The docs with name is the input docs, the docs start with MSR is the output docs. 

I want to create a python streamlit app, that let the managers input the inputs docs, then it will look at each input doc. 

Process:

* Create a master file: just a variable in the script. (save to a word or text file later)
   a. Look into each file,
       a. extract the file name.
       b. extract the data from the file.
   b. Do the same for all input docs.


* Create output docs
   1. Dumb all into llm: 
      1. Sonnet: 1 hallucination
      2. Gemini:
   2. By task order

Design decisions:
- Do one task order at a time, instead of dumb all files in at once.
  - Why: 
    - Simplified the task: avoid complexity manage files.
    - Reduce risk of hallucination for super long context. 

Edge case:
- Some person may not have the report: 
    - Administrative Services Support   
        Kyerra Jones
        o	NO INPUT DOCUMENT
- Make sure their name is on the file name: "MSR TO1 BernardonL September 24.docx"
- Highlight the accuracy of the information in the prompt!!! 



# Testing:
- Create a good example file.
- Combined all docx files into 1 file.
- Upload to LLM with example file

In [None]:
!python -m pip install python-docx google-generativeai python-dotenv pypandoc anthropic openai

- Upload TO files
- Extract text from docx file into 1 master file
- Pass the master file with example file to LLM
- Output the MSR file

# Cell: Organize Input Files by Task Order and Division

In [None]:
import os
import shutil
from docx import Document
import re

def get_task_order_info(file_path):
    try:
        doc = Document(file_path)
        task_order_info = None
        division_info = None
        for paragraph in doc.paragraphs:
            if "Task Order" in paragraph.text:
                task_order_info = paragraph.text.strip()
            if "Division" in paragraph.text:
                division_info = paragraph.text.strip()
            if task_order_info and division_info:
                break
        
        if task_order_info and division_info:
            to_match = re.search(r'Task Order (\d+)', task_order_info)
            to_number = to_match.group(1) if to_match else ""
            
            division_full = division_info.strip()
            short_name_match = re.search(r'\(([^)]+)\)', division_full)
            short_name = short_name_match.group(1) if short_name_match else ""
            
            return to_number, short_name, division_full.replace('('+short_name+')', '').strip()
    except Exception as e:
        print(f"Error reading file: {file_path}. Error: {e}")
    return None, None, None

# The rest of the script remains the same

def organize_files(input_dir, output_base_dir):
    for filename in os.listdir(input_dir):
        if filename.endswith('.docx'):
            file_path = os.path.join(input_dir, filename)
            to_number, short_name, division_full = get_task_order_info(file_path)
            
            if to_number and short_name and division_full:
                # Create folder name
                folder_name = f"TO{to_number}_{short_name}_{division_full.replace(' ', '')}"
                output_dir = os.path.join(output_base_dir, folder_name)
                
                # Create the output directory if it doesn't exist
                os.makedirs(output_dir, exist_ok=True)
                
                # Move the file
                shutil.move(file_path, os.path.join(output_dir, filename))
                print(f"Moved {filename} to {output_dir}")
            else:
                print(f"Could not determine task order info for {filename}")

# Usage
input_directory = "./data_files/inputs/all"
output_base_directory = "./data_files/inputs"

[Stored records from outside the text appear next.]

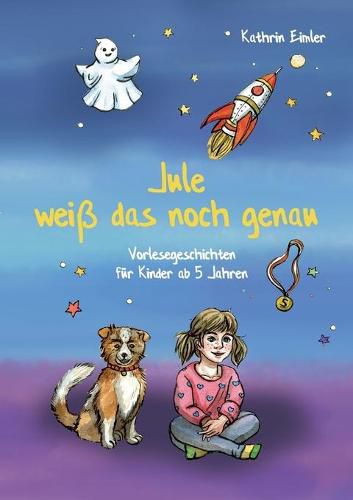 Jule weiss das noch genau: Vorlesegeschichten fur Kinder ab 5 Jahren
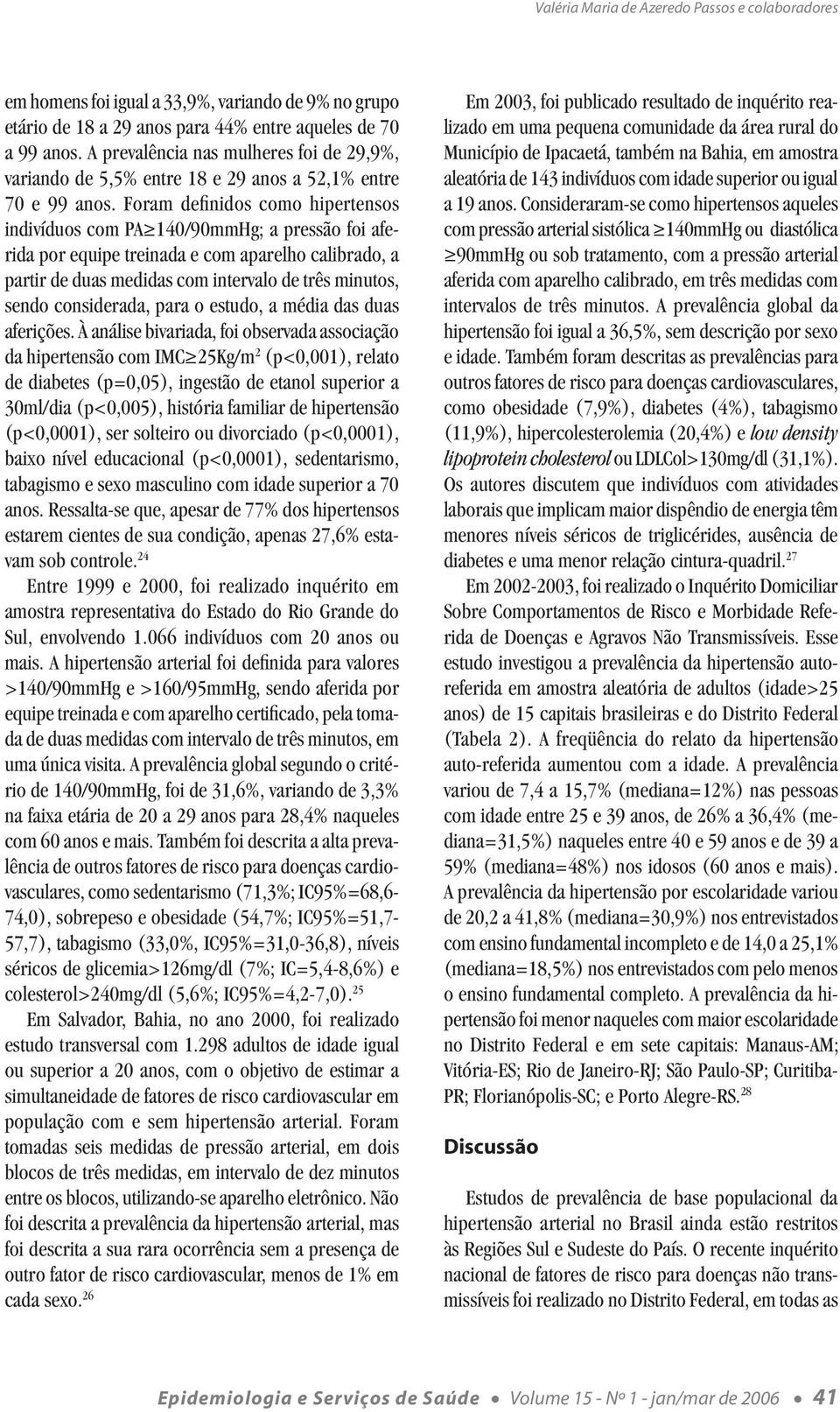 Foram definidos como hipertensos indivíduos com PA 140/90mmHg; a pressão foi aferida por equipe treinada e com aparelho, a partir de duas medidas com intervalo de três minutos, sendo considerada,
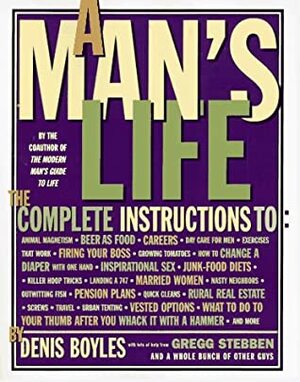 A Man's Life: The Complete Instructions by Gregg Stebben, Denis Boyles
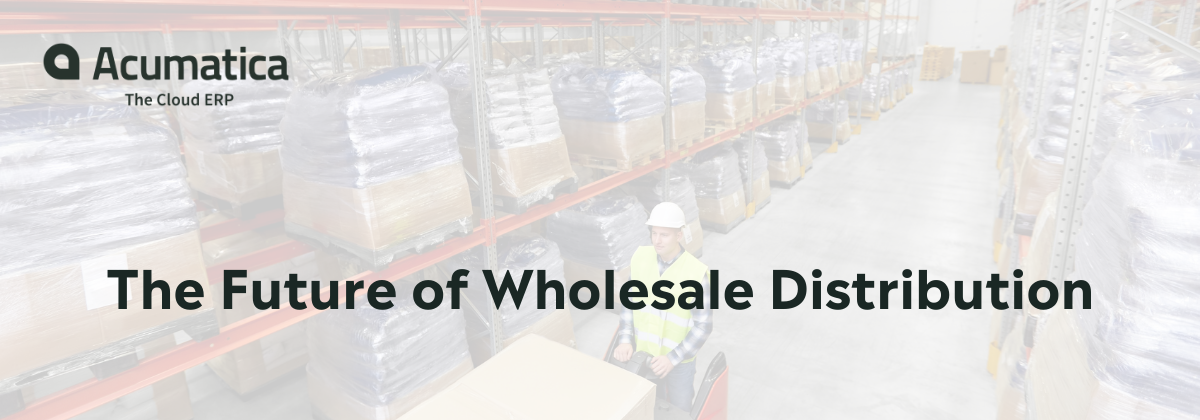 The Future of Wholesale Distribution 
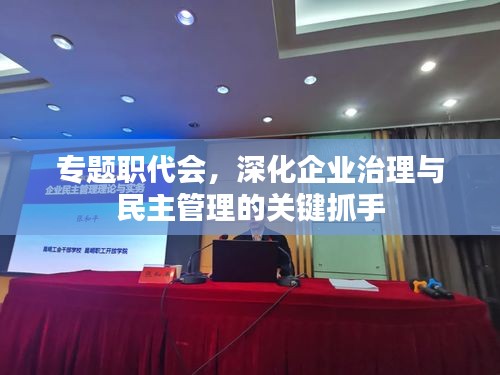 专题职代会，深化企业治理与民主管理的关键抓手
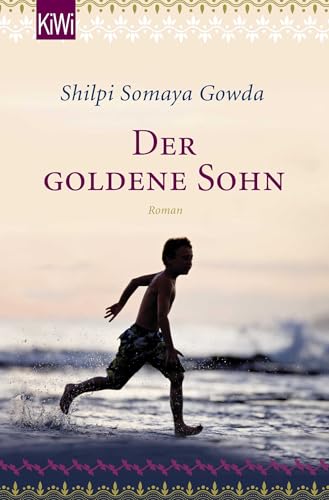 Der goldene Sohn: Roman von Kiepenheuer & Witsch GmbH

organize_files(input_directory, output_base_directory)

# Generate MSR from input files

In [13]:
import os
import google.generativeai as genai
from typing import List, Dict
from docx import Document
from dotenv import load_dotenv
from IPython.display import Markdown, display
import pypandoc
import anthropic
import openai

# Load environment variables
load_dotenv()

# Setup for different AI models
def setup_ai_model(model_name: str):
    if model_name == "gemini":
        api_key = os.getenv("GOOGLE_API_KEY")
        genai.configure(api_key=api_key)
        
        generation_config = {
            "temperature": 0,
            "max_output_tokens": 8192,
        }
        
        safety_settings = [
            {"category": "HARM_CATEGORY_DANGEROUS", "threshold": "BLOCK_NONE"},
            {"category": "HARM_CATEGORY_HARASSMENT", "threshold": "BLOCK_NONE"},
            {"category": "HARM_CATEGORY_HATE_SPEECH", "threshold": "BLOCK_NONE"},
            {"category": "HARM_CATEGORY_SEXUALLY_EXPLICIT", "threshold": "BLOCK_NONE"},
            {"category": "HARM_CATEGORY_DANGEROUS_CONTENT", "threshold": "BLOCK_NONE"},
        ]
        
        return genai.GenerativeModel(
            model_name="gemini-1.5-pro",
            generation_config=generation_config,
            safety_settings=safety_settings
        )
    elif model_name == "claude":
        api_key = os.getenv("ANTHROPIC_API_KEY")
        return anthropic.Anthropic(api_key=api_key)
    elif model_name == "gpt4":
        api_key = os.getenv("OPENAI_API_KEY")
        return openai.OpenAI(api_key=api_key)
    else:
        raise ValueError(f"Unsupported model: {model_name}")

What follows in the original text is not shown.